=== Begin Enclosure ===

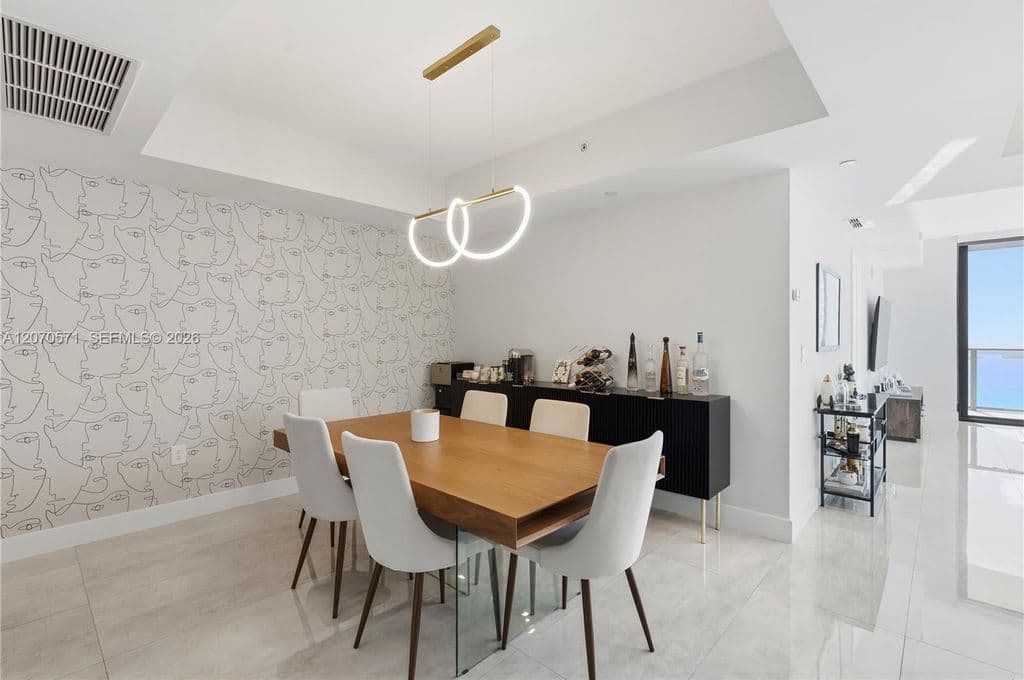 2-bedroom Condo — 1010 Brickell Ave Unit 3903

=== End Enclosure ===
=== Begin Enclosure ===

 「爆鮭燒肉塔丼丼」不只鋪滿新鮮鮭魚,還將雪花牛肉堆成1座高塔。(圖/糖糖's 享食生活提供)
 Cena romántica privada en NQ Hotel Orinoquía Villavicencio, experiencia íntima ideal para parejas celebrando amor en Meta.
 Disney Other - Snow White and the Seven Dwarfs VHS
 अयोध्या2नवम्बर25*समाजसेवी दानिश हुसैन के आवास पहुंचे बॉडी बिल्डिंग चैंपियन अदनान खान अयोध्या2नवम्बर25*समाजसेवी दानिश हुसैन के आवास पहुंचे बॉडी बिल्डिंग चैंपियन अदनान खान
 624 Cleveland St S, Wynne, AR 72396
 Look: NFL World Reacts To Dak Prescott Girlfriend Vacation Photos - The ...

=== End Enclosure ===
=== Begin Enclosure ===

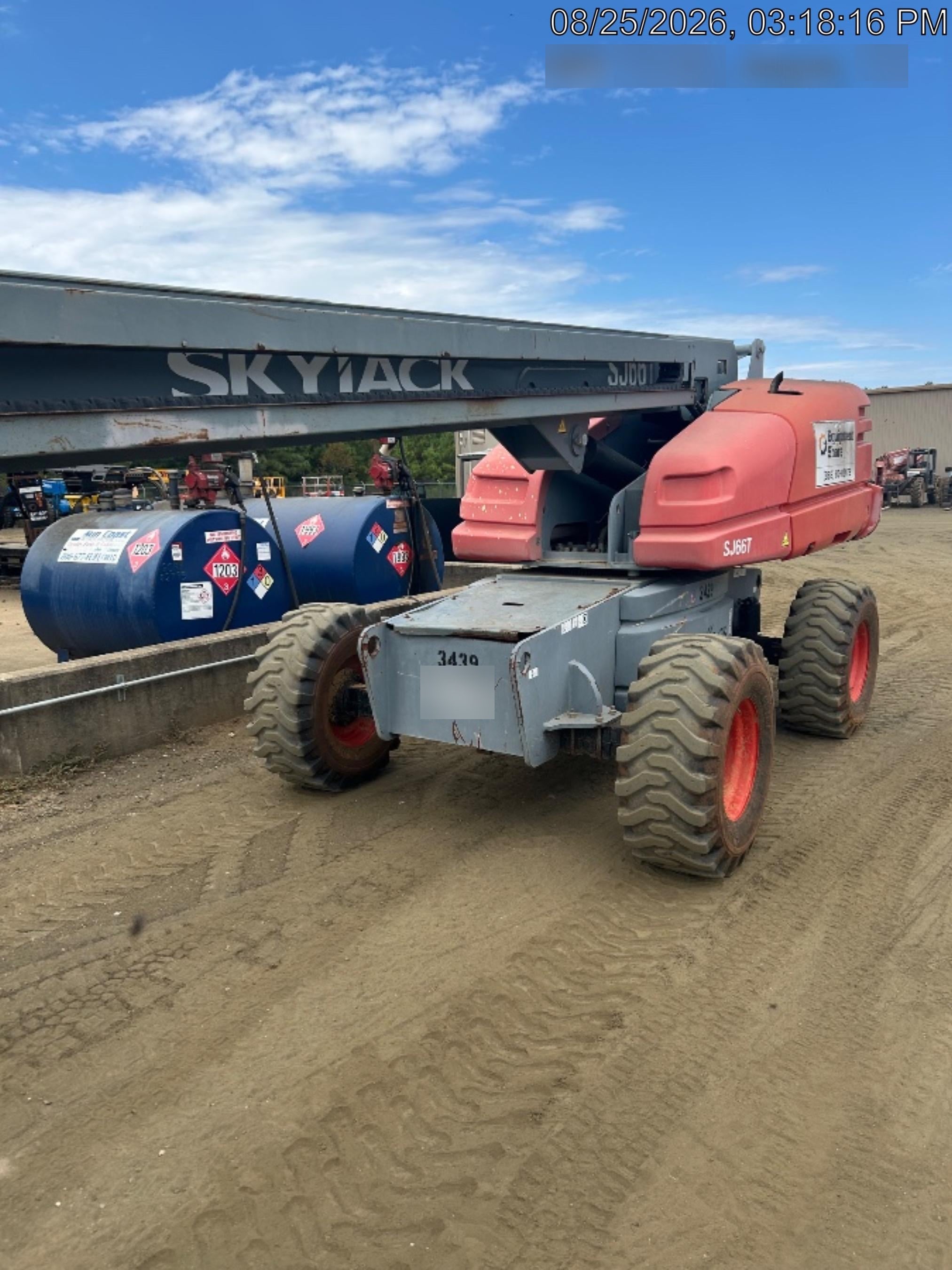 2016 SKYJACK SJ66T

=== End Enclosure ===

* **EXERCISE INSTRUCTIONS**: With the line that has "624 Cleveland St S, Wynne, AR 72396" as the first and the line that has "Look: NFL World" as the last, repeat exactly that run of lines above and no more.

* **OUTPUT**:
 624 Cleveland St S, Wynne, AR 72396
 Look: NFL World Reacts To Dak Prescott Girlfriend Vacation Photos - The ...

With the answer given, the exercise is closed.